# Micioarch Knives - Yoshikane Kiritsuke - Asai Santoku - and......



## Micioarch

Here some of my knives.
The first one is a Yoshikane SLD 240 mm Kiritsuke from Maxim, it's really amazing you can read my review on his site, I can just add that it work also as slicer beacuse really thin, I love it.



























The following one is a knife from patagonia, 
















Masami Azai, santoku, Vg10 . It's double bevel santoku of 165 mm (a little bit small). Is really nice the feeling of the damascus texture under your fingers.


----------



## zitangy

hey.. very nice indeed and good, creative photography. btw.. the butt cap of the horn handle.. is it from a coca cola bottle cap?.. just kidding...

Interested to know how you are maintain such a beautiful knife...
rgds
dl

t


----------



## Pensacola Tiger

Very nice - thanks for sharing.


----------



## riverie

very cool knives and great photography !!!


----------



## kalaeb

Beautiful knives and great photos. Thanks for posting.


----------



## The Edge

Very nice knives, and love the photography!!


----------



## Johnny.B.Good

Pictures are very well done (great props).

I love the pattern on that little santoku.

Thanks for sharing with us!


----------



## Micioarch

I'm really happy you like the photos, it was really fun to make them and it's a pleasure to share with you. 
The first photos are like a comparison of the knife pattern with the work of Gianbattista Piranesi an Italian architect and engraver born in the XVIII century 
(comparison between two art pieces).

In response to zitangy question about the maintain, for the yoshikane I use a yaginoshima (japanese natural stone also from Maxim) and after uchigomori fingerstones. 
To maintanin the azai is more difficult, I can just sharpen the microbevel, because the damast pattern is 3d and for now I don't wont to change it's look.
I'm not the best person to ask about the knives maintain.


----------



## Hattorichop

What is that green hunk of glass under the yoshikane?


----------



## zitangy

Hattorichop said:


> What is that green hunk of glass under the yoshikane?

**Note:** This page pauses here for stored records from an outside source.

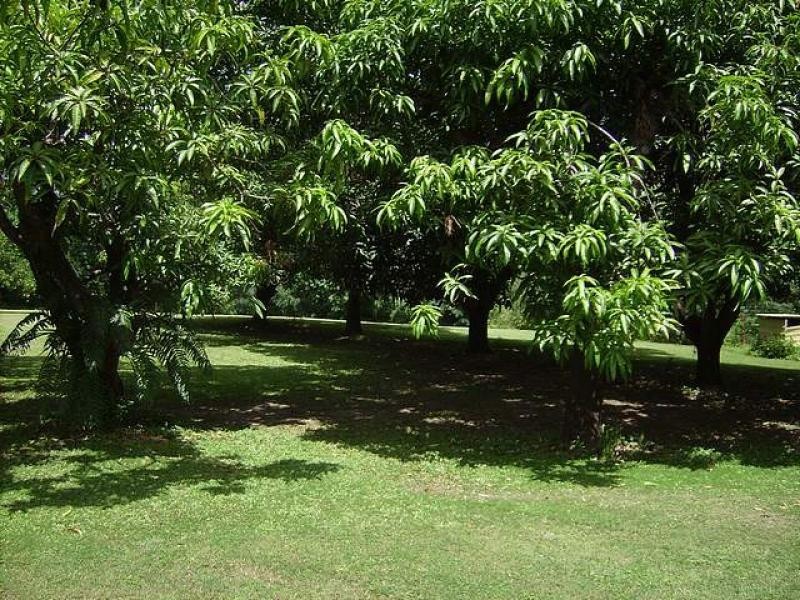 35 Church  Road, Black River QLD 4818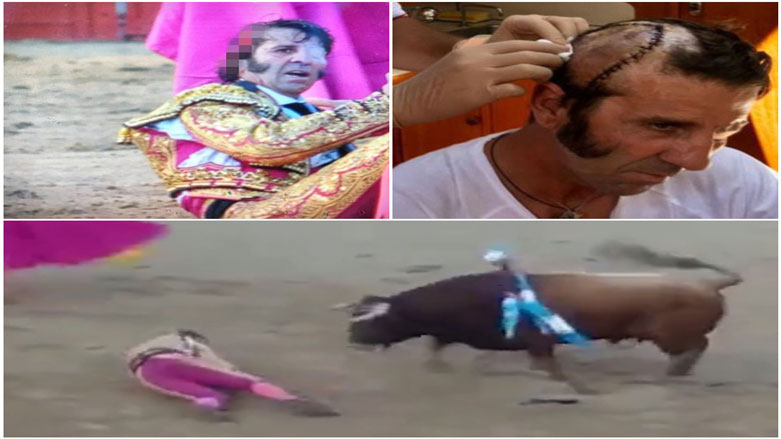 بە ڤیدیۆ: گایەک ماتادۆرێک لە مەرگ نزیک دەکاتەوە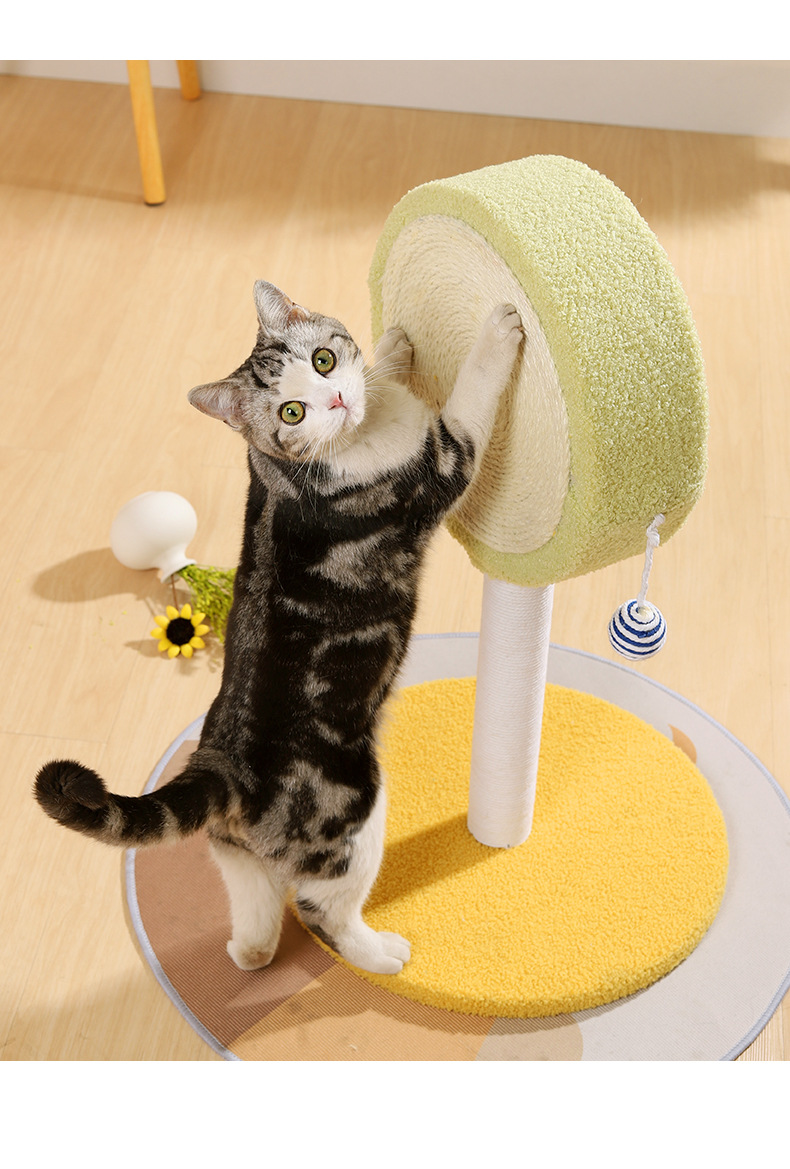 Cat scratching post green rattle column turntable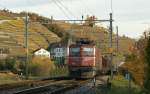 Rote Ae 6/6 N 11419  Kantonslok  im herbstlichen Lavaux bei Lutry.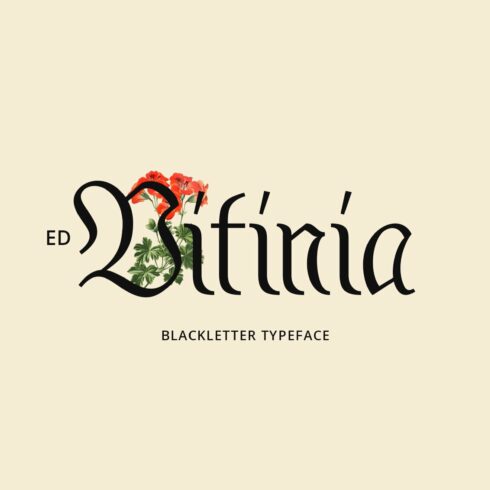 ED Vitinia cover image.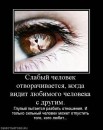 Вікочка Шелемба фотография #1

A stem of a vegetable, i believe..

d


----------



## Micioarch

It's a green hunk of glass, it's a piece of waste material recovered during a visit to a glass factory of Murano, Venice.
Outside of the kiln where they shape the glass there are big tanks with all the failure or the waste material.
I remember there was a rock of glass of 50-60cm with all different color and it was really beautiful, seemed something natural and
if I had the chance I would be brought it home, but it was too sharp and above all really heavy.
If you go to Venice (if you have time) it's worth to visit a glass factory of Murano.


----------



## sel1k1

Great pics. I like your santoku. I have a gyuto.


----------



## Deckhand

Thanks for the photos. Very nice knives. I see people still ask about the glass always a hit.


----------



## Micioarch

After seeing some really nice picture I decided to upload some picture myself.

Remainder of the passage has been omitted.